Let $A$ be a real symmetric matrix with minimal eigenvalue $\mu_\min$ and maximal eigenvalue $\mu_\max$. Then we have $$ \mu_\min = \min_{v^Tv=1}v^TAv $$ $$ \mu_\max = \max_{v^Tv=1}v^TAv $$ This is easy to see if we transform $A$ into diagonal form via an orthogonal transformation. This is possible since $A$ is normal.

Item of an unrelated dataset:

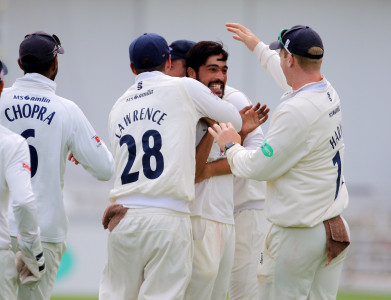 mohammad amir s essex close in on county championship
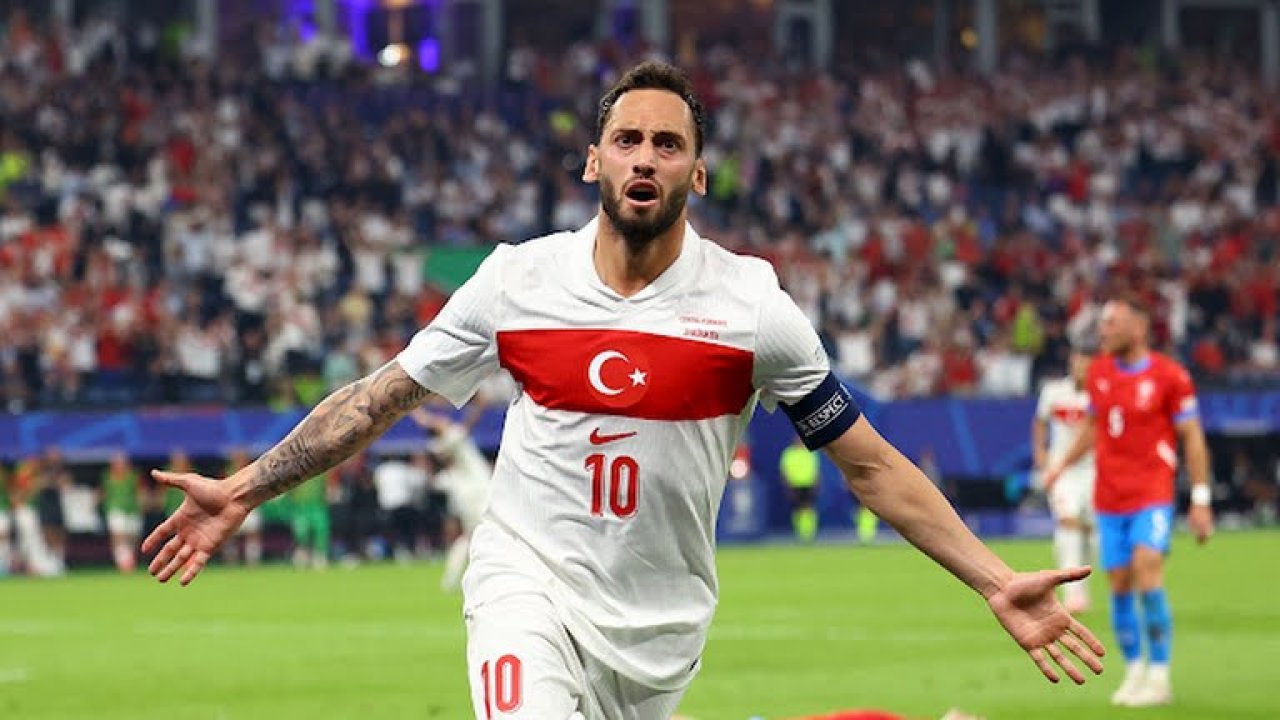 Türkiye-Çekya maçı bitti: Bijî Türkiye- Bijî Çekya tartışması başladı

On to your particular situation. Let $$ \gamma = \{\gamma_1,\ldots,\gamma_m\}\ with\ m \in \mathbb N\ and\ \gamma_1 < \cdots < \gamma_m $$ be the set of indices of the columns of $X$ we're interested in. Observe that the matrix $X_\gamma^TX_\gamma$ is a submatrix of $X^TX$. Namely, $X_\gamma^TX_\gamma$ consists of the rows and columns of $X^TX$ indexed by the elements of $\gamma.$ With this in mind, let's define the projection $$ \tilde\cdot:\mathbb R^p \rightarrow \mathbb R^m, y = (y_1,\ldots,y_p)^T \mapsto \tilde y = (y_{\gamma_1},\ldots,y_{\gamma_m})^T $$ Moreover, let's define the set of column vectors $$ V_\gamma = \left\{x = (x_1,\ldots,x_p)^T \in \mathbb R^p \mid x^Tx = 1\ and\ \forall j \not\in \gamma: x_j = 0 \right\}. $$ Note that $$ \widetilde{V_\gamma} = \{y \in \mathbb R^m \mid y^Ty = 1\}. $$ Furthermore, from all these definitions and constructions, we see that $$ \forall v \in V_\gamma: v^TX^TXv = (\tilde v)^TX_\gamma^TX_\gamma\tilde v. $$ By combining all this, we get $$ \begin{align*} \lambda_p(X_\gamma^TX_\gamma) & = \min_{\{y \in \mathbb R^m \mid y^Ty = 1\}}y^TX_\gamma^TX_\gamma y \\ & = \min_{v \in V_\gamma}(\tilde v)^TX_\gamma^TX_\gamma\tilde v \\ & = \min_{v \in V_\gamma}v^TX^TXv \\ & \geq \min_{\{v \in \mathbb R^p \mid v^Tv = 1\}} v^TX^TXv \\ & = \lambda_p(X^tX) \end{align*} $$ and similarly $$ \begin{align*} \lambda_1(X_\gamma^TX_\gamma) & = \max_{\{y \in \mathbb R^m \mid y^Ty = 1\}}y^TX_\gamma^TX_\gamma y \\ & = \max_{v \in V_\gamma}(\tilde v)^TX_\gamma^TX_\gamma\tilde v \\ & = \max_{v \in V_\gamma}v^TX^TXv \\ & \leq \max_{\{v \in \mathbb R^p \mid v^Tv = 1\}} v^TX^TXv \\ & = \lambda_1(X^tX), \end{align*} $$ as desired.